# [Directions]
Each record that follows should be transcribed word for word.

# [Dataset extract]
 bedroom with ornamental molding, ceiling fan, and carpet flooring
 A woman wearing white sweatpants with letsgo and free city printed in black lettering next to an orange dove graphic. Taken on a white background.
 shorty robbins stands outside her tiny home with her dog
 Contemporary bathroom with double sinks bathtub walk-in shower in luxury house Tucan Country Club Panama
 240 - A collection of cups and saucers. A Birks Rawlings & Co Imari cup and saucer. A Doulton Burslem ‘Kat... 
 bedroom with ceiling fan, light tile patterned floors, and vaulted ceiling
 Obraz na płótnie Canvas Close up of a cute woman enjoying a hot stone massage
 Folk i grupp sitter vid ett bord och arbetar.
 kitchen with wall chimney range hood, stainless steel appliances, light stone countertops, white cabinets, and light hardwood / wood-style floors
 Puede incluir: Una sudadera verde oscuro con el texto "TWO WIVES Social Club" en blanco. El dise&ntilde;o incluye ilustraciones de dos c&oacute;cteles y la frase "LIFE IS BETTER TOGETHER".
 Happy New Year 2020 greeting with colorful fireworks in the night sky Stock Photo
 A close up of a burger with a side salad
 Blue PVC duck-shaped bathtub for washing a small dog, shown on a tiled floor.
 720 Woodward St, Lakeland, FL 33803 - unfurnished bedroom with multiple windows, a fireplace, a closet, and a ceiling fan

# [Completed exercise]
 bedroom with ornamental molding, ceiling fan, and carpet flooring
 A woman wearing white sweatpants with letsgo and free city printed in black lettering next to an orange dove graphic. Taken on a white background.
 shorty robbins stands outside her tiny home with her dog
 Contemporary bathroom with double sinks bathtub walk-in shower in luxury house Tucan Country Club Panama
 240 - A collection of cups and saucers. A Birks Rawlings & Co Imari cup and saucer. A Doulton Burslem ‘Kat... 
 bedroom with ceiling fan, light tile patterned floors, and vaulted ceiling
 Obraz na płótnie Canvas Close up of a cute woman enjoying a hot stone massage
 Folk i grupp sitter vid ett bord och arbetar.
 kitchen with wall chimney range hood, stainless steel appliances, light stone countertops, white cabinets, and light hardwood / wood-style floors
 Puede incluir: Una sudadera verde oscuro con el texto "TWO WIVES Social Club" en blanco. El dise&ntilde;o incluye ilustraciones de dos c&oacute;cteles y la frase "LIFE IS BETTER TOGETHER".
 Happy New Year 2020 greeting with colorful fireworks in the night sky Stock Photo
 A close up of a burger with a side salad
 Blue PVC duck-shaped bathtub for washing a small dog, shown on a tiled floor.
 720 Woodward St, Lakeland, FL 33803 - unfurnished bedroom with multiple windows, a fireplace, a closet, and a ceiling fan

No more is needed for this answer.